There is not enough idleness in my life. And most of my busyness is probably not accomplishing much in the big scheme of a 13-billion-year-old universe.

“I can’t help but wonder whether all this histrionic exhaustion isn’t a way of covering up the fact that most of what we do doesn’t matter.” –Tim Kreider

Do less, better. That should be my mantra. What does matter? What will count for something worthwhile when I look back on it? What makes for a really good day? Focus on the quality of those things that will send me to bed each night with the satisfaction, not of having been busy, but of having spent my time wisely and joyfully.

David Malham on dying: “Let’s not save our affection”

Yesterday there was an essay on the New York Times opinion page by a retired grief therapist, David Malham, who has been diagnosed with A.L.S. and is facing his imminent death.

It’s a thoughtful and light-hearted reflection by someone well acquainted with the grief of others. It’s a worthwhile read in whole. He highlights the absurdity of coming to grips with your own mortality:

But it’s not that we forget that we will die; it’s that we work hard to not remember it. Yes, we accept the plural “we will die,” but it’s the particular, the “I” that we have trouble with. It’s easier to accept “we” because the “I” believes it can hide when the others in the “we” are taken. When it comes to the particular, we are, each of us, facing death new and uncomprehending. 
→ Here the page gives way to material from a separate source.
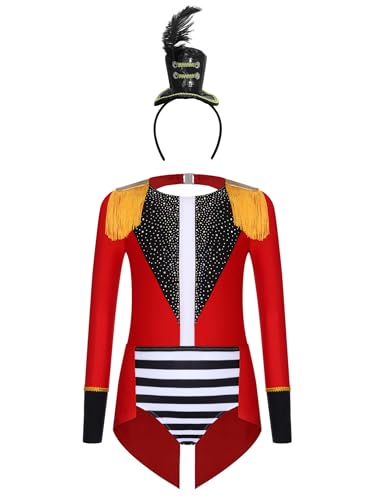 iiniim Mädchen Zirkus Kostüm Zirkusdirektor Uniform Langarm Body Overall mit Haarreif Tanzbody Halloween Karneval Fasching Party Outfits Rot Schwarz 146-152 von iiniim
Woody Allen wryly said: “I’m not afraid to die. I just don’t want to be there when it happens.”

But it’s coming for each of us. My life is terminal. Yours is, too.

Thinking about your death too obsessively can send you into an existential funk and shadow the light from the life you’re living. But living in denial of your ultimate fate will make meaningfulness elusive.

Malham suggests, though, that it’s the prospect of the deaths of those we love that is more troubling even than accepting our own demise.

My mom would have turned 73 today. (Happy birthday, mom!) She died almost ten years ago. Her absence from our lives still stings, a decade later. Our family has not recovered, and likely will not recover, the bond we once had when she was alive. She was such a joyful, dynamic presence and was the heart of not just our immediate family but even, somewhat, of both extended families. Life goes on, though. Or, the living keep living. For now.

Stoic sages advise periodically envisioning the loss of those you love. Sounds like an unappealing practice, right? It’s meant to be. The point is to face that kind of momentary pain often enough to make you better appreciate your loved ones while they’re with you.

Malham’s closing exhortation is tinged with just such a Stoic perspective:

We want to be (lightly, only lightly) aware of death not because our story will end, but because the stories of those we hold dear will end, perhaps before ours. The awareness of premature or unexpected endings can motivate us to routinely demonstrate our love to those important to us. Let’s not save our affection, as if a rare wine, for special occasions. Give and receive it as essential nourishment.

“Grief, after all, is the price we pay for love.” –David Malham

Alan Watts: Hurry is fatal

I found these thoughts on the @AlanWattsDaily Twitter stream today:

A hurried feeling is a good sign that I need to pause and reflect.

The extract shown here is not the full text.